## ABOUT THIS EXERCISE:
Please report the number of lines in the entries below that contain "Photo", with nothing added.
*** INFORMATION SHOWN Section Begins ***
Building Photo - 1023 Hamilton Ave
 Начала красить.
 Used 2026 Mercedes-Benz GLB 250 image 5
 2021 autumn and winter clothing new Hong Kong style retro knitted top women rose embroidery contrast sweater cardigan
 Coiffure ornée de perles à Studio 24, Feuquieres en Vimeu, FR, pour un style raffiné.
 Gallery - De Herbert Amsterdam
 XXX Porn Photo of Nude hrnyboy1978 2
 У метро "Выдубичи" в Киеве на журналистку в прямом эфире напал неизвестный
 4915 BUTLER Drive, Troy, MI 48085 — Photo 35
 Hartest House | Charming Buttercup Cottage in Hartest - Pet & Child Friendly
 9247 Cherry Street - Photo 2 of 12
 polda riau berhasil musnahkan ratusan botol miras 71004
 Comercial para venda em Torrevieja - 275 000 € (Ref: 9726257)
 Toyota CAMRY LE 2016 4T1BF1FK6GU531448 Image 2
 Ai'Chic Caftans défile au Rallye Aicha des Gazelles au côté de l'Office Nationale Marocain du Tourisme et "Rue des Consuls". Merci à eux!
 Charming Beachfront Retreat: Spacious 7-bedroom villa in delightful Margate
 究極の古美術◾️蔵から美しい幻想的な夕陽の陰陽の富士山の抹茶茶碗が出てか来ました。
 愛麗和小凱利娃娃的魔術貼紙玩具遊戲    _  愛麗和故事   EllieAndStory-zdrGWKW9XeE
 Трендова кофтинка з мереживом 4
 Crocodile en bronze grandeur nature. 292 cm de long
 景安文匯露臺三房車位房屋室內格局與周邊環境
*** INFORMATION SHOWN Section Ends ***
## RESPONSE AREA:
4